6.10. Survival. The covenants, agreements and representations and warranties of the Company under the Transaction Documents shall survive the execution and delivery hereof indefinitely.
6.11. Publicity. Subject to Section 3.8, the Company and DSR agree that it will not disclose, and will not include in any public announcement, the names of the Purchaser without the consent of the Purchaser, which consent shall not be unreasonably withheld or delayed, or unless and until such disclosure is required by law, rule or applicable regulation, and then only to the extent of such requirement. Notwithstanding the foregoing, the Purchaser consents to being identified in any filings the Company makes with the SEC to the extent required by law or the rules and regulations of the SEC.

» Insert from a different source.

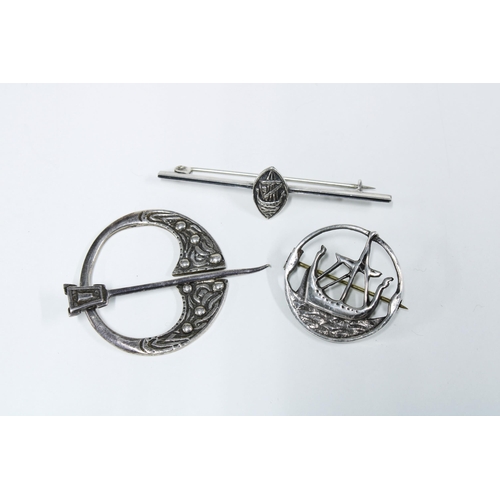 50 - Collection of silver brooches, to include, a penannular brooch, Robert Allison, Edinburgh 1972, a ga...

6.12. Severability. The provisions of this Agreement are severable and, in the event that any court of competent jurisdiction shall determine that any one or more of the provisions or part of the provisions contained in this Agreement shall, for any reason, be held to be invalid, illegal or unenforceable in any respect, such invalidity, illegality or unenforceability shall not affect any other provision or part of a provision of this Agreement and this Agreement shall be reformed and construed as if such invalid or illegal or unenforceable provision, or part of such provision, had never been contained herein, so that such provisions would be valid, legal and enforceable to the maximum extent possible.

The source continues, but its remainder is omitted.